On 6 December 2019, the Working Group published its Final Report. Notwithstanding that the judiciary is understood to have been calling for radical change by dispensing with witness evidence in its entirety, the report recommends largely minor changes, as set out below. If adopted, the recommendations may not, therefore, have the desired effect of increasing the effectiveness and proportionality by which factual evidence is obtained at trial.
Issues identified in the Final Report
The existing rules provide that “witness statements must, if practicable, be in the intended witness’s own words”. In practice, however, witness statements are very rarely in the witness’s own words. They are generally carefully crafted by legal representatives following which they are approved by the witness often only with minor amendments. The report notes that this drafting process “may corrupt memory” and render the final product less reliable than the first “unvarnished” recollection. Similarly, witness statements may contain an “aspirational” version of what the witness may be able to recall.

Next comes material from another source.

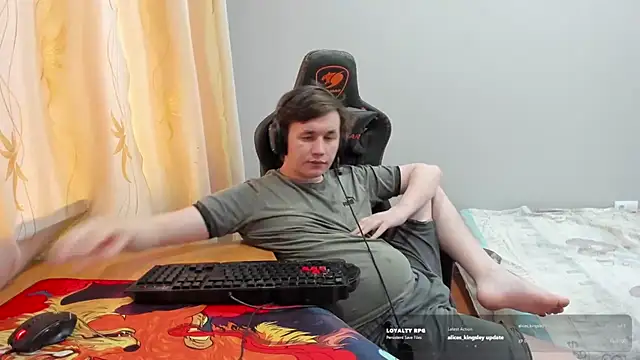 XXX chat uživo modela iliaskrislove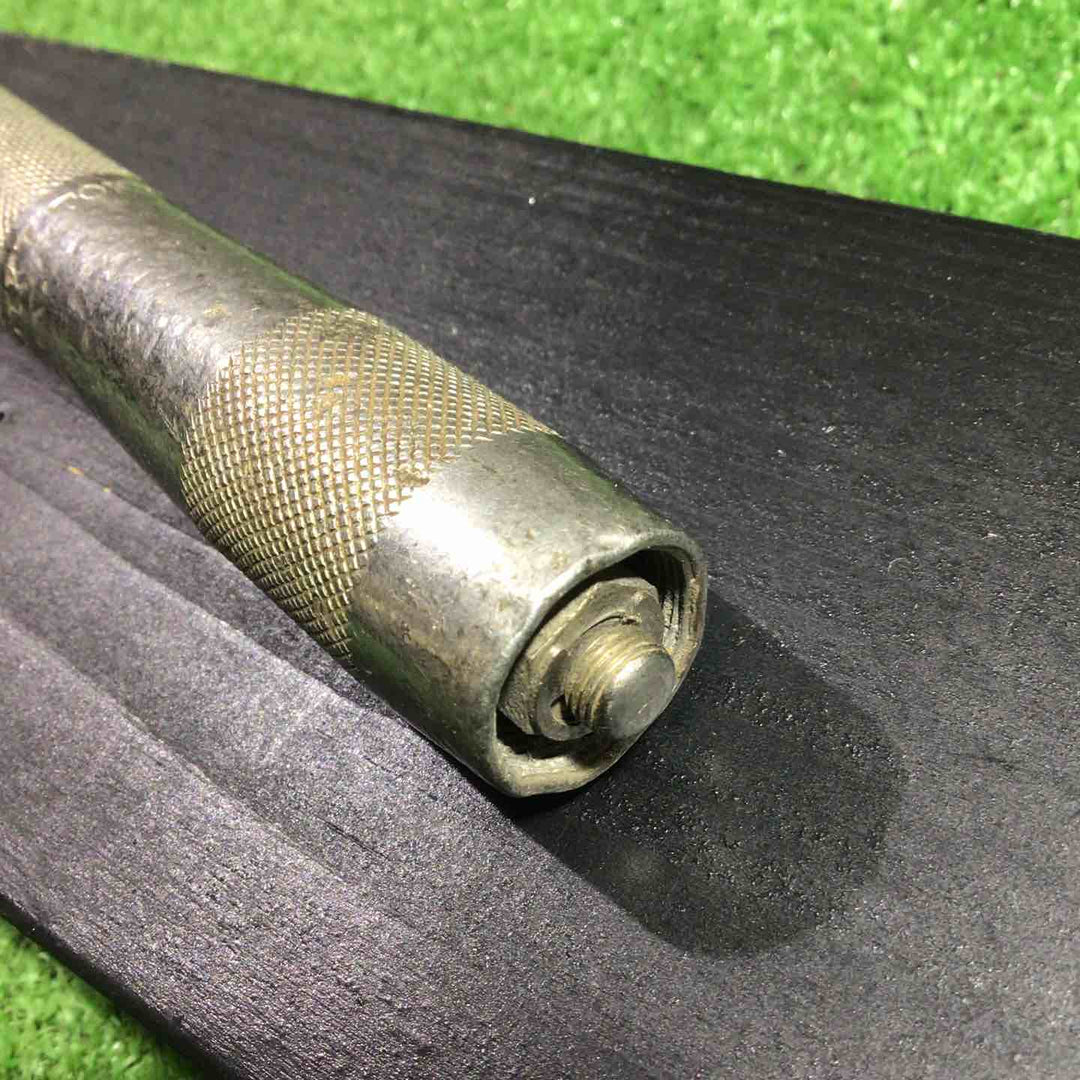 MIKI ミキ ハッカー BX1 ロング 全長約285mm 【川口店】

In addition, the report notes that the practice of using witness statements in the place of Examination in Chief “encourages over-lawyering and lengthening of witness statements in an attempt to anticipate cross-examination”. Further, the “current practice involves regular and lengthy recitation of background which is” often wholly irrelevant.
The report also notes that, rather than exploring and testing the critical evidence, Cross Examination is frequently a process of challenging the content of witness statements which is not particularly useful.
Recommendations in the Final Report
The report includes a wide range of recommendations including:
- the production of an authoritative statement of best practice regarding the preparation of witness statements
- a more developed statement of truth
- the introduction of a solicitor’s certificate of compliance with the rules
- examination in chief being available as an option
- the position that extensions of witness statement page limits should be rarely granted
- the position that the Courts should more readily apply costs sanctions and express judicial criticism of non-compliance with the rules including the more frequent singling out of egregious cases for this purpose.
As noted above, however, the report does not recommend radical change by dispensing with witness statements and the resulting re-introduction of Examination in Chief in all cases.
Most of the recommendations of the Working Group appear to be aimed at ‘course correction’ rather than a complete re-alignment of the rules, in contrast to the approach taken to disclosure under the ongoing Disclosure Pilot Scheme (see our blog on the pilot scheme).
If implemented, the effectiveness of the Working Group’s recommendations is likely to depend on the extent to which the judiciary enforces and is seen to enforce the rules. Our expectation is that practitioners will not change the process by which witness statements are produced nor the end product unless the judiciary is seen to apply costs sanctions and express criticism of non-compliance with the rules.
Practitioners are likely to be relieved that witness statements will remain in place for now given that, from their perspective at least, witness statements serve a useful purpose including in putting before the Court facts that cannot be derived from the contemporaneous documents. In contrast, the judiciary is likely to see this as a missed opportunity but are of course free to give less weight to witness evidence over documentary evidence in any event.